[Record extracts]

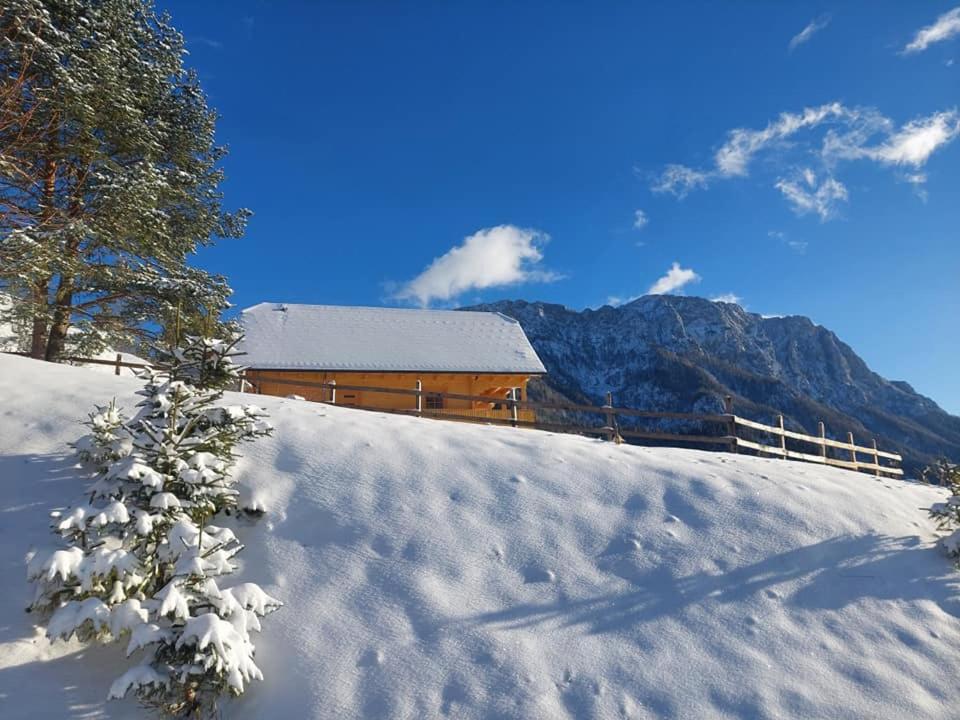 Cottage Osojnik - Alpine escape with Wellness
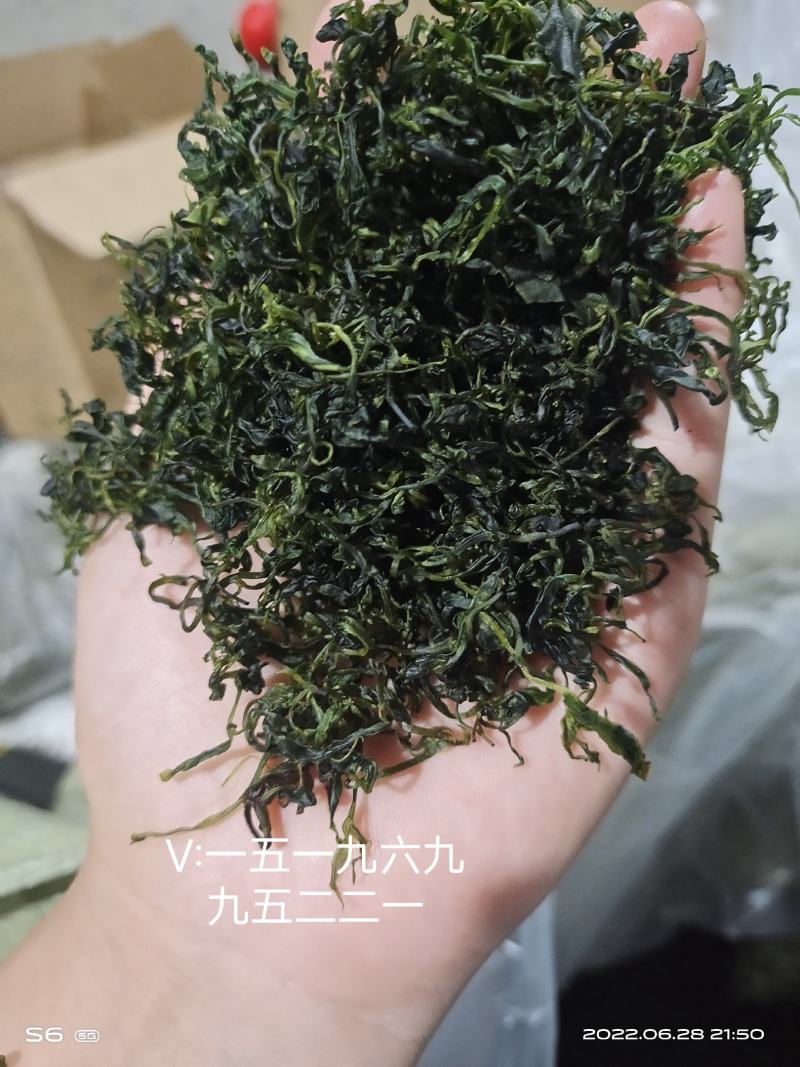 四川小叶苦丁茶，入口微苦回味甘甜的茶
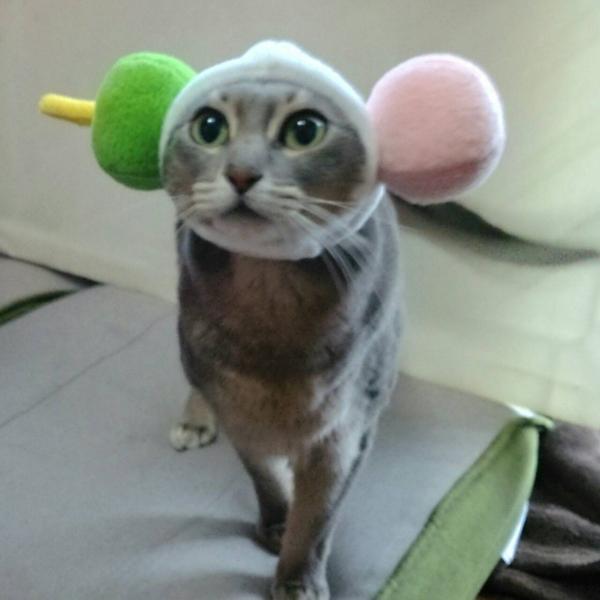 犬猫用コスプレ 三色団子のかぶりもの 帽子 変身 ペット用 Buyee Buyee 提供一站式最全面最專業現地yahoo Japan拍賣代bid代拍代購服務 Bot Online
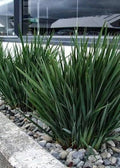 Dianella 'Baby Bliss'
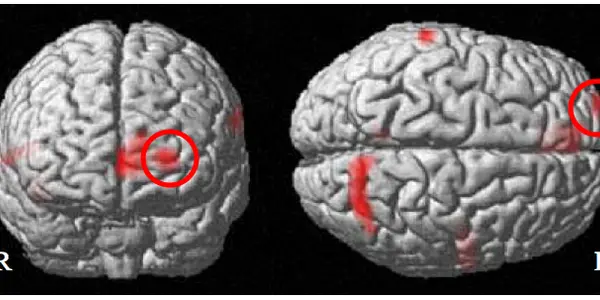 'Self-Control' is to 'Sudoku;' can you end addiction with analogies?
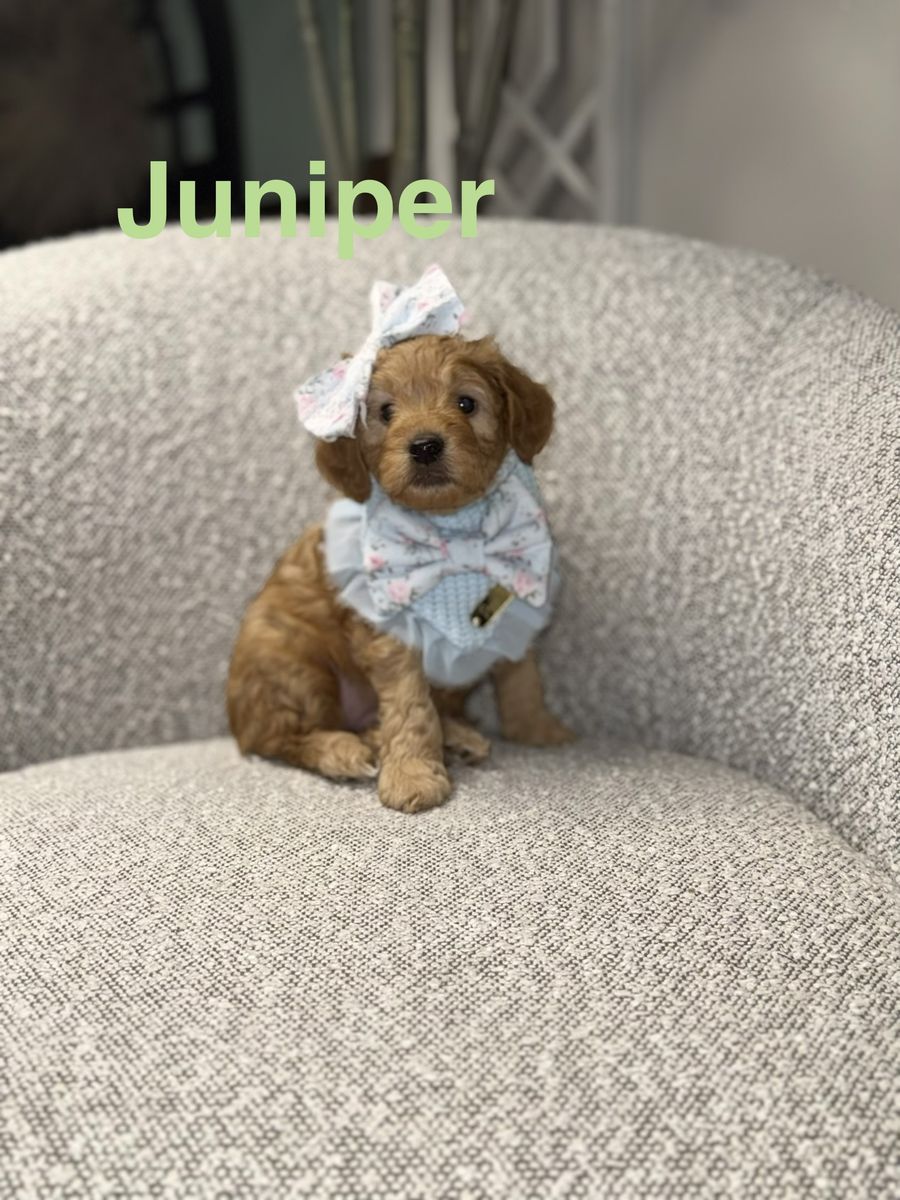 Mini Goldendoodle Puppy- Ready Now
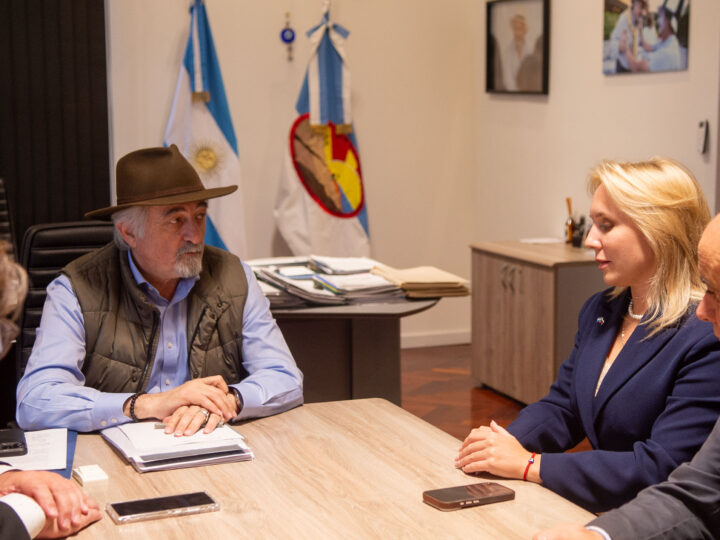 Othar y Suiskaia ratificaron la voluntad de cooperación en proyectos energéticos, industriales y científicos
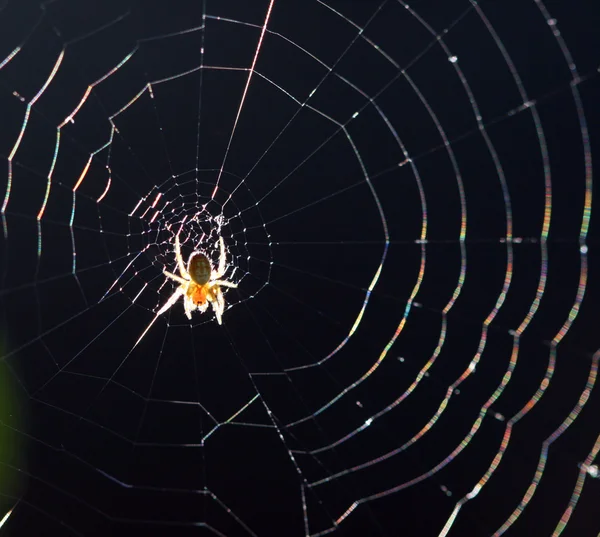 Aranha na teia — Fotografia de Stock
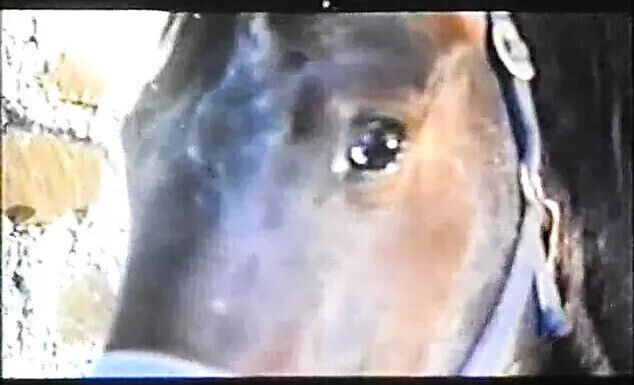 L'Amore bestia (1985)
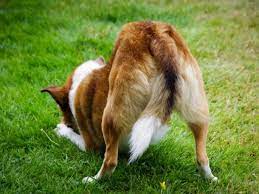 Can Dogs Get Hemorrhoids Petmd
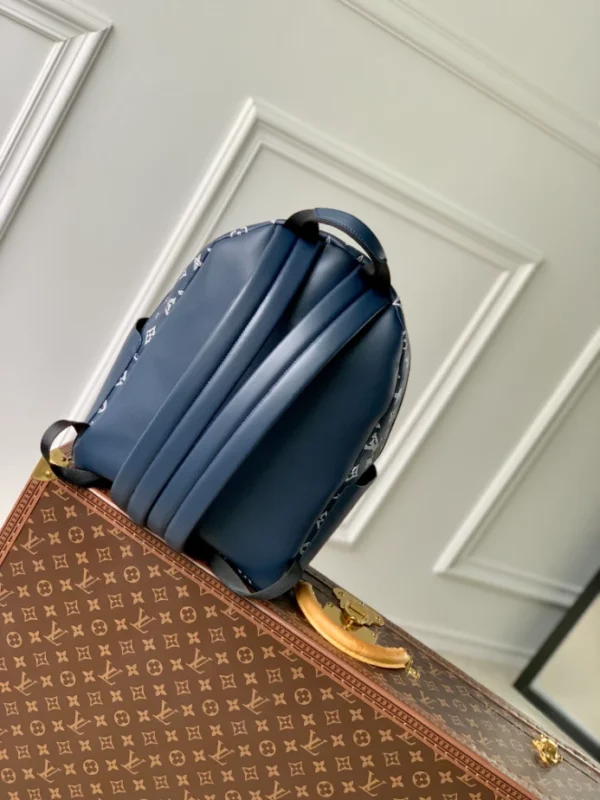 Louis Vuitton Discovery Backpack - LP44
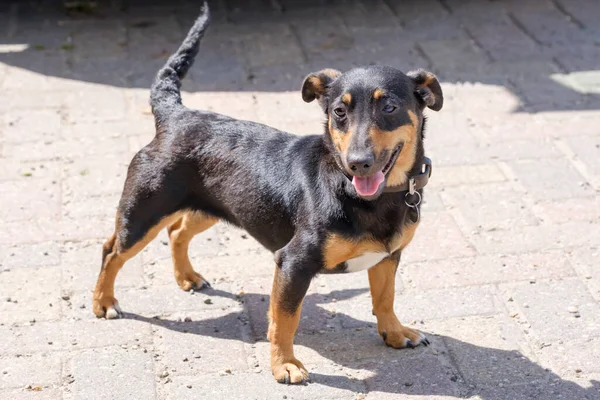 Negro y bronceado Jack Russell Terrier posando iin cuerpo completo, con sombra —  Fotos de Stock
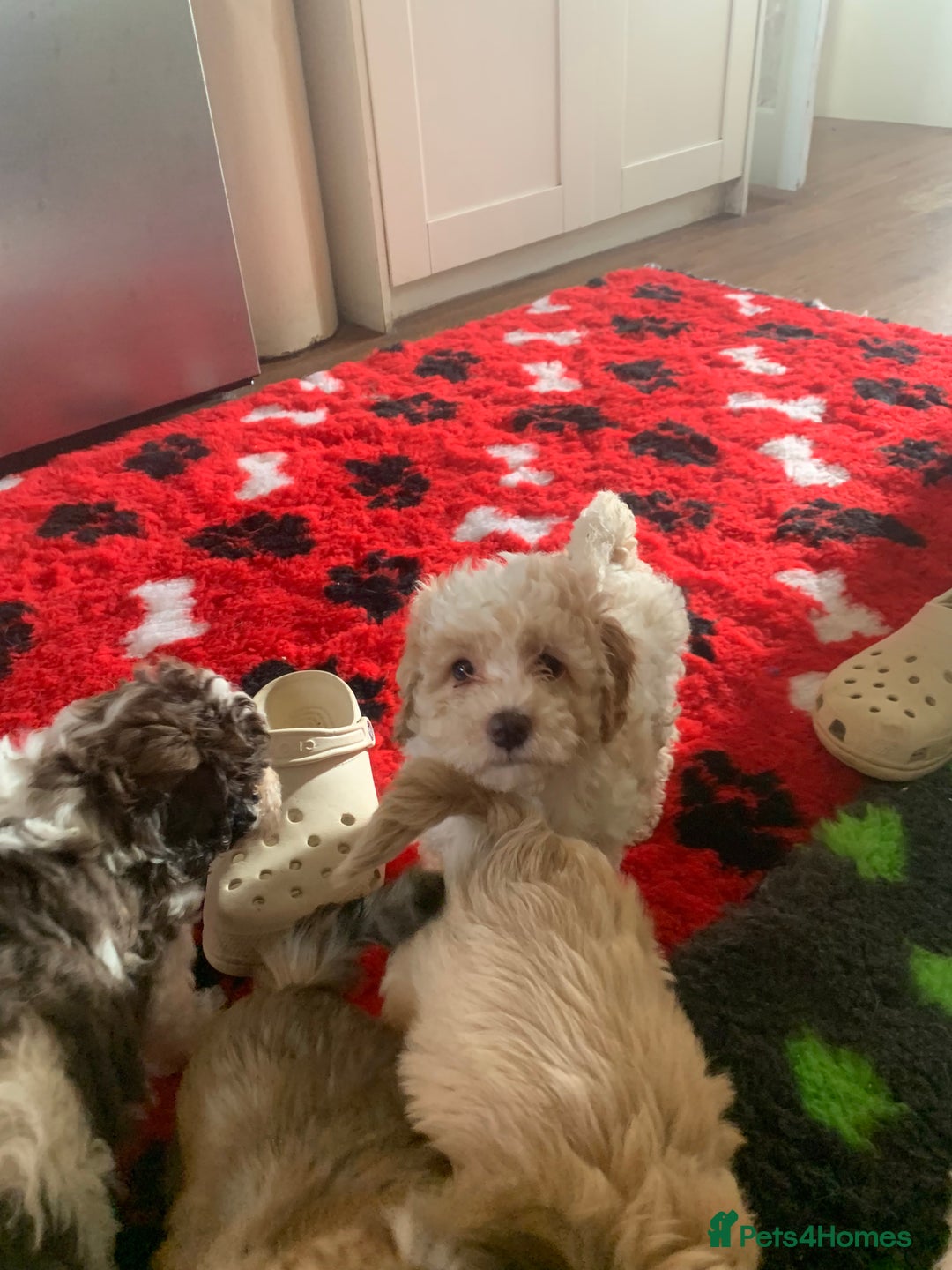 Cavapoo dogs for sale: Beautiful F2 cavapoo girls  - Advert 14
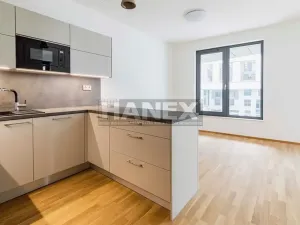 Pronájem bytu 2+kk, Praha - Karlín, Pernerova, 55 m2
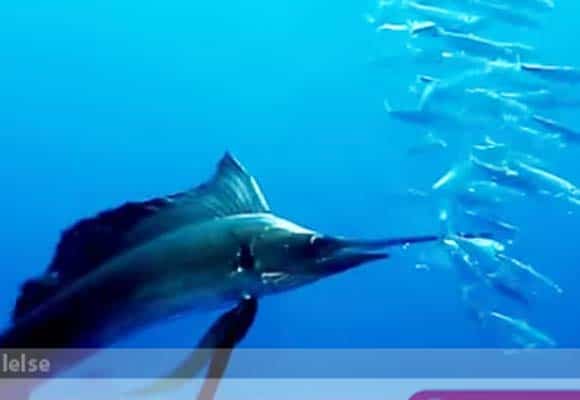Read more about the article Sardinerne har ikke en chance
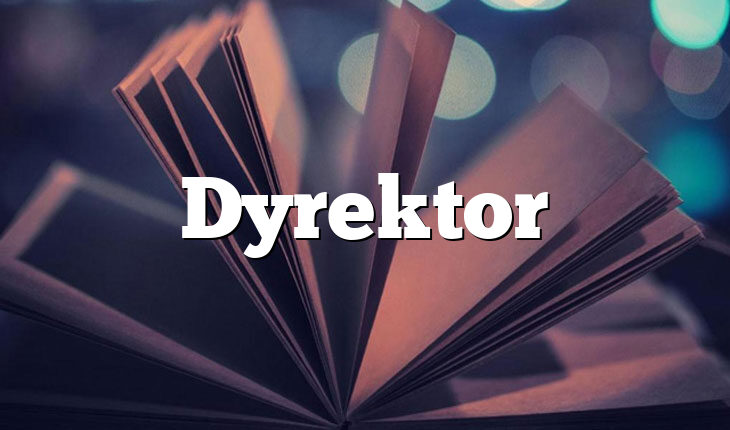 Dyrektor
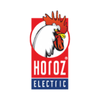 HOROZ ELECTRIC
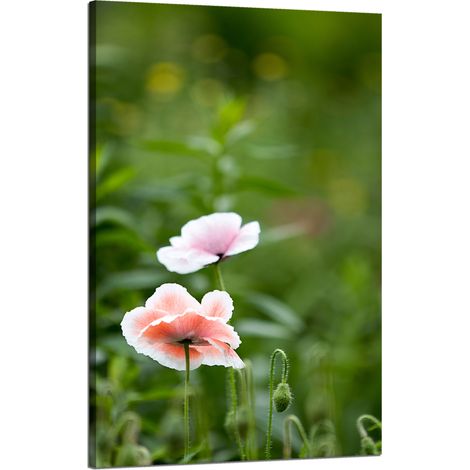 Leinwanddruck Botanik Mohnblumen 50x80 cm
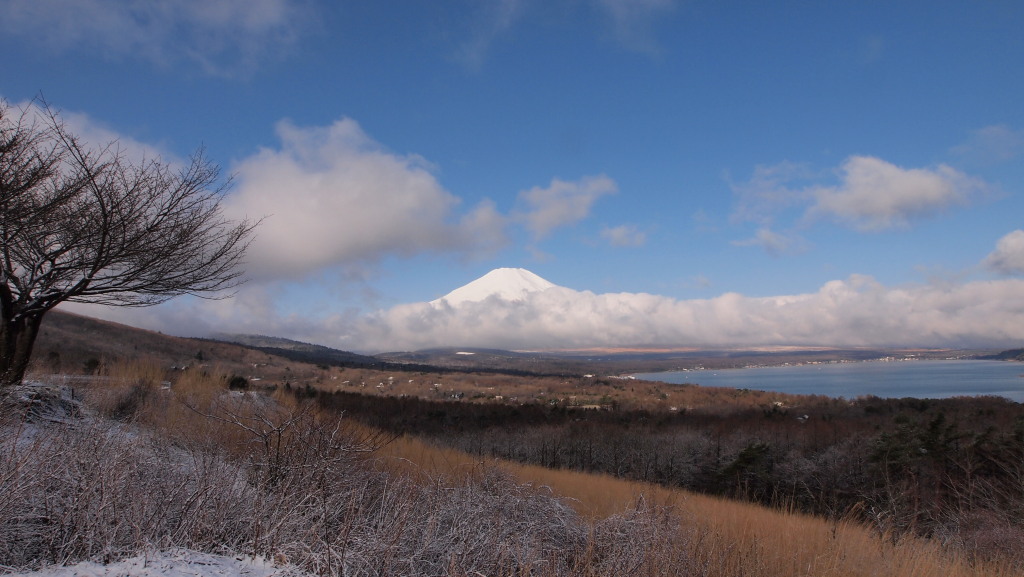 �p�m���}��@�_�ƕx�m�R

[/Record extracts]

## Aim of the task
Every line from the one containing "Aranha na teia — Fotografia de Stock" through the end of the records is to be returned exactly, and those lines alone; pictures are dropped.

## Task answer
 Aranha na teia — Fotografia de Stock
 L'Amore bestia (1985)
 Can Dogs Get Hemorrhoids Petmd
 Louis Vuitton Discovery Backpack - LP44
 Negro y bronceado Jack Russell Terrier posando iin cuerpo completo, con sombra —  Fotos de Stock
 Cavapoo dogs for sale: Beautiful F2 cavapoo girls  - Advert 14
 Pronájem bytu 2+kk, Praha - Karlín, Pernerova, 55 m2
Read more about the article Sardinerne har ikke en chance
 Dyrektor
 HOROZ ELECTRIC
 Leinwanddruck Botanik Mohnblumen 50x80 cm
 �p�m���}��@�_�ƕx�m�R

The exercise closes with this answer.